Les débats sur la compensation ne sont pas près de s’achever, d’autant que la base du ZAN est faussée, car selon les outils de mesures qu’on utilise, l’artificialisation des terres passe du simple au quintuple. Ceux utilisés par le Cerema sont les fichiers fonciers, a priori les plus précis. Mais pas forcément les plus proches de la réalité, car un parc urbain en herbes est réglementairement considéré au même titre qu’une autoroute, tandis qu’un champ de patates, une serre géante ou des hectares de panneaux photovoltaïques posés au sol sont rangés parmi les espaces non artificialisés… Aucun maire ne semble content. Ceux des zones rurales s’estiment lésés, car le ZAN imposant de diviser par deux les constructions par rapport à la surface aménagée dans les années 2010, les grandes villes disposent encore d’un joli paquet de mètres carrés à construire d’ici 2030, contrairement aux collectivités rurales. En ce qui les concerne, les maires des grandes villes partagent la même frustration pour des raisons inverses : comment, sans rogner ni compenser sur les terres agricoles, construire de nouveaux logements, sur les dents creuses, les friches, l’existant, tout en faisant de la place à la végétation pour lutter contre l’effet îlot de chaleur urbain (ICU) et en « dédensifiant » la ville afin que ses habitants puissent respirer selon le modèle de l’Anru ? Personne ne sait. L’équation semble d’autant plus difficile à résoudre que nul ne sait précisément repérer et mesurer les friches et les logements et bureaux vacants ! De quoi nourrir la rancœur de nombreux élus, sur laquelle a surfé Laurent Wauquiez en annonçant le 30 septembre 2023 qu’il allait « sortir du ZAN » – comme s’il allait pouvoir le faire, cette loi selon lui « ruralicide, [qui est] l’incarnation d’une technocratie administrative qui consiste à appliquer une même règle de façon très uniforme sur l’ensemble du territoire. »

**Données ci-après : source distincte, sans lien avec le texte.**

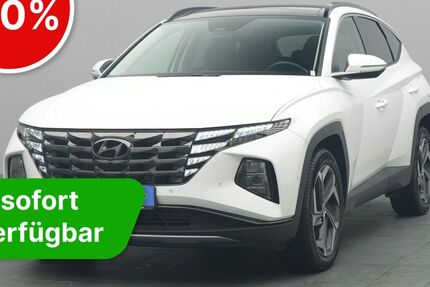 Hyundai TUCSON 42.584 km 27.970 &euro; Bad Nauheim 61231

agence locale de compensation
Pour que la compensation ait lieu dans des conditions sereines, sans que les communes rurales s’estiment en être l’agent obligatoire pour permettre aux villes de continuer de s’étendre, la Safer Normandie a décidé d’entrer au capital d’Archipel. Créé en 2016 par le bureau d’études Biotope et la Safer Île-de-France, Archipel, dont Claire Poinsot est la directrice générale, est un « intermédiaire de compensation. » Avec elle, un agriculteur peut signer une convention de gestion par laquelle il sera rémunéré durant 30 à 50 ans pour entretenir des terres de compensation. Dans le panier de la mariée, la Safer apporte l’expertise foncière et juridique tandis que Biotope dépose son expertise naturaliste et réglementaire. « Le but est d’éviter la double peine agricole, la spéculation foncière en créant des montages financiers innovants avec tous les acteurs locaux », explique Emmanuel Hyest. Et ceci, suffisamment en amont des projets pour tenter l’évitement. Anticiper, proposer des solutions foncières adaptées, cibler des friches. En Île-de-France, rappelle Claire Poinsot, Archipel a pu faire de la compensation sur 200 ha sur d’anciennes carrières, des terrains de sport abandonnés et des dépôts d’ordures sauvages. « Avec l’argent de la compensation on les a achetés et restaurés, et depuis, on les gère, » et cela fait 200 ha de terres agricoles qui n’auront pas été détournés pour faire de la compensation écologique. Ainsi faite, la compensation pourrait passer de l’image de boulet réglementaire au statut de projet de territoire.